Вызов Сталину в письме Зиновьева был заявлен вполне определенно, хотя и без деталей. Зиновьев делал упор на то, что Сталин манипулировал Политбюро, фактически единолично принимал решения от его имени. Важно подчеркнуть обращение Зиновьева к последним диктовкам Ленина: «Ильич был тысячу раз прав». Зиновьев использовал их как один из аргументов в борьбе со Сталиным. В Кисловодске Зиновьев договорился о совместных действиях с Бухариным, которого тоже обидели некоторые сталинские поступки. Были проведены консультации с другими известными деятелями партии, находившимися в то время на юге. Точную формулу предложений не доверили бумаге. Сталину отправили «говорящее письмо». Отъезжавший в Москву Орджоникидзе должен был передать все на словах. В силу этого мы не знаем подробностей того, что предлагали «отпускники» Сталину. Из различных заявлений, которые были сделаны в последующие годы, следует, что речь шла о реорганизации Секретариата ЦК. Предлагалось оставить в нем Сталина, но одновременно ввести туда Зиновьева и Троцкого. Это означало создание нового баланса сил в вотчине Сталина – аппарате ЦК.
Сталин, как и следовало ожидать, был возмущен и, возможно, даже разъярен. Однако претензиям «друзей» он не смог противопоставить ничего иного, кроме позы обиженного и обвинений в подрыве единства. 3 августа 1923 г., сразу после встречи с Орджоникидзе, Сталин написал Зиновьеву и Бухарину:
[…] Вы, видимо, не прочь
Это в меру злое, в меру дружелюбное письмо ясно демонстрировало сравнительно скромные возможности Сталина в противостоянии с коллегами в середине 1923 г. Предложения же Зиновьева и Бухарина свидетельствовали о том, что они пока еще считали возможным ограничить влияние Сталина всерьез. Обиды Сталина не произвели на них особого впечатления. Демонстративно спокойно, но твердо они дали Сталину понять: разговор не окончен. Встреча могла состояться уже в ближайшее время на юге, куда Сталин собирался в отпуск с середины августа.

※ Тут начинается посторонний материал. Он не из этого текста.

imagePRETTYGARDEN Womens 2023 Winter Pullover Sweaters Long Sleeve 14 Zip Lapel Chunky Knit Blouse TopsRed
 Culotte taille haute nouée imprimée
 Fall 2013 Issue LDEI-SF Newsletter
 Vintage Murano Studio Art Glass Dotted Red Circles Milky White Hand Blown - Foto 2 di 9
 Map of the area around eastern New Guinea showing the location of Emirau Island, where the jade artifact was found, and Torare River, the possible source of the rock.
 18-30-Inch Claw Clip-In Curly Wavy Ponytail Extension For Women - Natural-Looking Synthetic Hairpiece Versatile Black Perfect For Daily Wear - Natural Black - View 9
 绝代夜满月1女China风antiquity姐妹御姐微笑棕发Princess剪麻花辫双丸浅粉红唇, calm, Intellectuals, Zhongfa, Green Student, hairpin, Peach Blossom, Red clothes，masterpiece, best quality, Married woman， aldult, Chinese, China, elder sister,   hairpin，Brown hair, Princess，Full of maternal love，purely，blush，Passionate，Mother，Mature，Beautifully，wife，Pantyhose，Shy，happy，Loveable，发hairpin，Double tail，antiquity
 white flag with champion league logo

Такой вариант событий вряд ли устраивал Сталина. В руках у его оппонентов были все козыри. Само предложение о реорганизации Секретариата выглядело вполне благообразно, как стремление к единству и сплочению рядов. Возражения же Сталина, наоборот, с легкостью могли быть истолкованы как нежелание работать в команде, подтверждение нелояльности, о которой писал Ленин. Конкретные свежие примеры нарушения Сталиным принципа коллективного руководства, которые выдвигал Зиновьев, были также не в пользу Сталина. Особенно опасными выглядели заявления Зиновьева и Бухарина о неправильной позиции Сталина по германским событиям.
Кризисы, потрясавшие Германию с начала 1923 г., возродили в Москве старые мечты о спасительной европейской революции. Социализм в Германии был панацеей для большевиков, которые все еще плохо представляли себе перспективы социалистического СССР. Вместе с тем поражения революционных выступлений в Европе в предыдущие годы взывали к осмотрительности. Сталин был среди тех членов Политбюро, которые предпочитали действовать осторожно. Зиновьев и Бухарин рвались в бой, как и Троцкий, для которого мировая революция оставалась непременным условием победы социализма в России. Осторожность Сталина становилась политически опасной, давала его соперникам важные козыри. Сталин вовремя осознал это. Соединив грозящие ему вызовы в единое целое, он предпринял эффективный политический маневр. 9 августа 1923 г., в разгар переписки с Зиновьевым и Бухариным, Сталин инициировал решение Политбюро о вызове Зиновьева, Троцкого и Бухарина из отпуска в Москву для обсуждения перспектив германской революции[220]. Все трое, естественно, ответили согласием. Встреча была назначена на 21 августа.